Food Safety Law Unfair
While well-intentioned, the rules recently proposed in implementing the Food Safety Modernization Act don’t make sense as they are applied to tree fruit growers. In fact, says industry lobbyist Chris Schlect, to his knowledge no one has ever contracted a foodborne illness from crunching into a fresh apple grown in the Pacific Northwest.
That’s why Schlect, the president of the Northwest Horticultural Council, argues that the bureaucrats with FDA should not treat apples and other tree fruits the way they do lettuce and cantaloupes — two crops that have caused serious food safety problems in recent years.
“They’re basically saying we are going to go with the precautionary principle, that even though there has been no specific incident with apples or oranges, it’s good practice to have these rules in place,” he says. “Under their systematic approach, they decided to put all crops under one umbrella.”
Schlect, who as a longtime spokesman for the Pacific Northwest tree fruit industry has dealt with FDA people for years, says they lack perspective. “I do think regulators in Washington, D.C. aren’t evil people trying to put the family farmer out of business.
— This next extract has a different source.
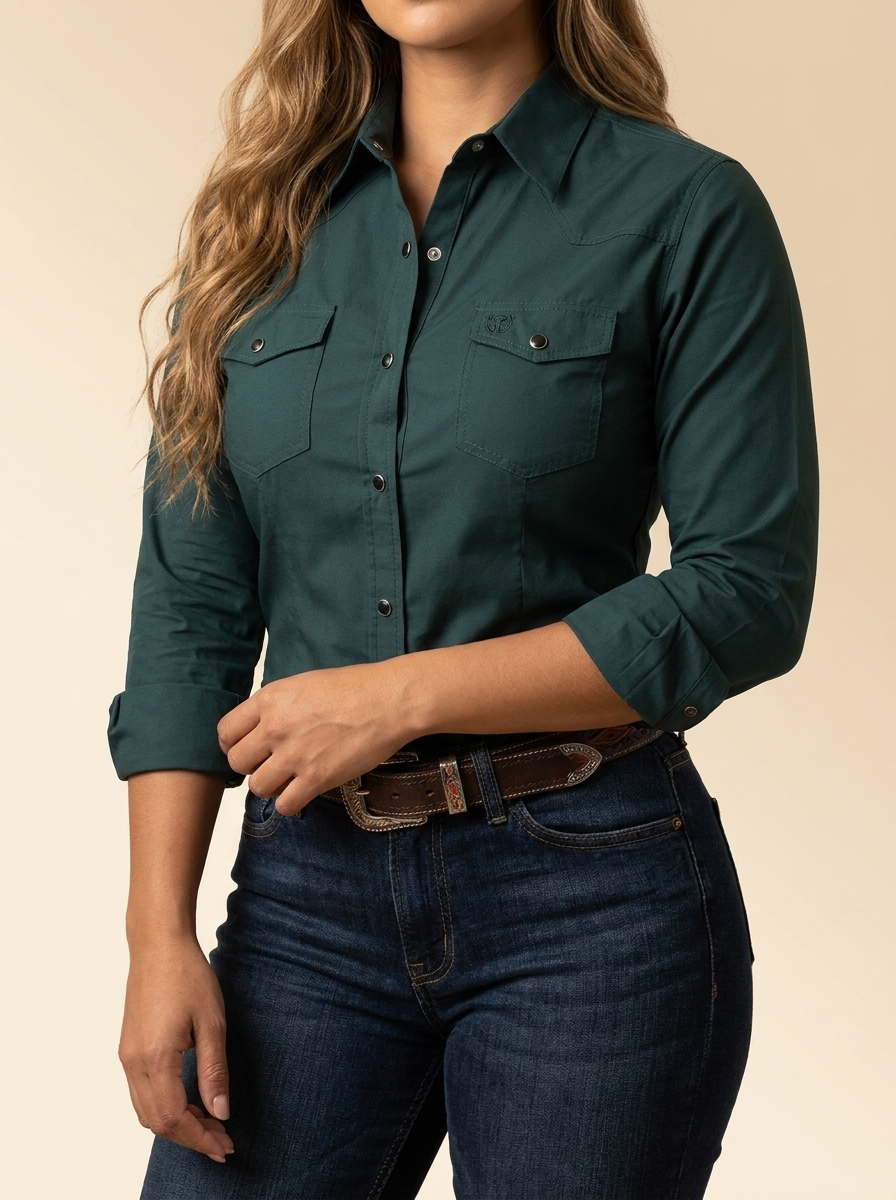 Women's Solid Western Snap Shirt with Front Yokes #1044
But they’re in their little boxes, and what they think is reasonable might be in a perfect world,” he says. “But if you just have a few people operating the farm, there is no one person just doing food safety.”
Family Farm Threatened
Huge operations that have a person — or even an entire department—charged only with overseeing food safety aren’t going to have nearly as many problems with the new rules as the one who nearly every politician says is critical to this nation’s backbone, the family farm. “A lot of people who enjoy farming, being out in the open producing food for people, they are wondering, why do it any more? If you’re a family farmer, and the one who has to do this is yourself, the cost is just going to be too great,” says Schlect.
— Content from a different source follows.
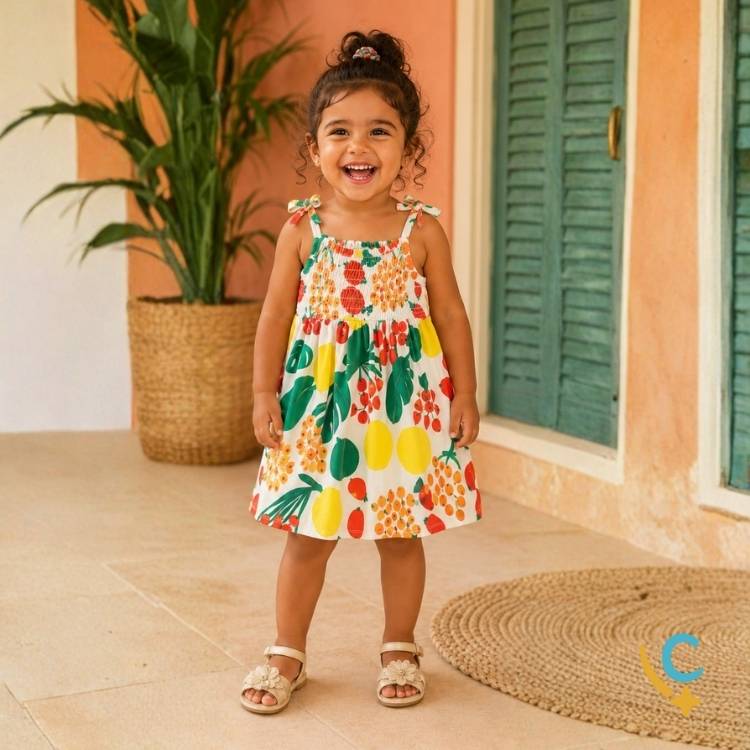 Vestido Bebê Floral Algodão Premium – Leve e Confortável 2 a 3 Anos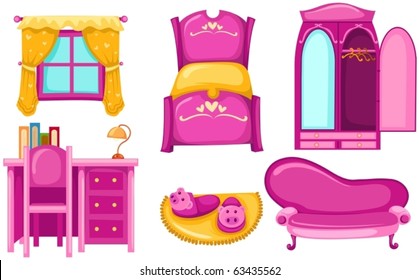 illustration of isolated set of pink furniture on white background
“This could be one of those factors, that if they’re on the edge of retiring, there will be some people who will say this is the straw that will break the camel’s back,” he continues, adding that it is already having an impact. “I got a call from an apple grower just yesterday who was concerned about this, and wondered if he should keep going.”
However, before making any drastic decisions, growers need to realize a few things about the rules specifically, as well as the general process. First, Schlect emphasizes growers don’t need to be concerned this crop year. These rules have only been proposed, they’re not etched in stone. There is a 120-day comment period, and because of the outcry over the rules, Schlect thinks the comment period will be extended. Then FDA needs to review those comments, and then issue final rules, and then a staggered implementation period follows. “It won’t be in place for a couple of years at least,” he says.
Call Your Association
However, in the meantime, Schlect and his counterparts with such organizations as the California Grape & Tree Fruit League, Western Growers, etc. will have their hands full. That’s because there is one other element to the proposed rules that Schlect says could make it very difficult—and costly to comply—for growers. That is the section dealing with water.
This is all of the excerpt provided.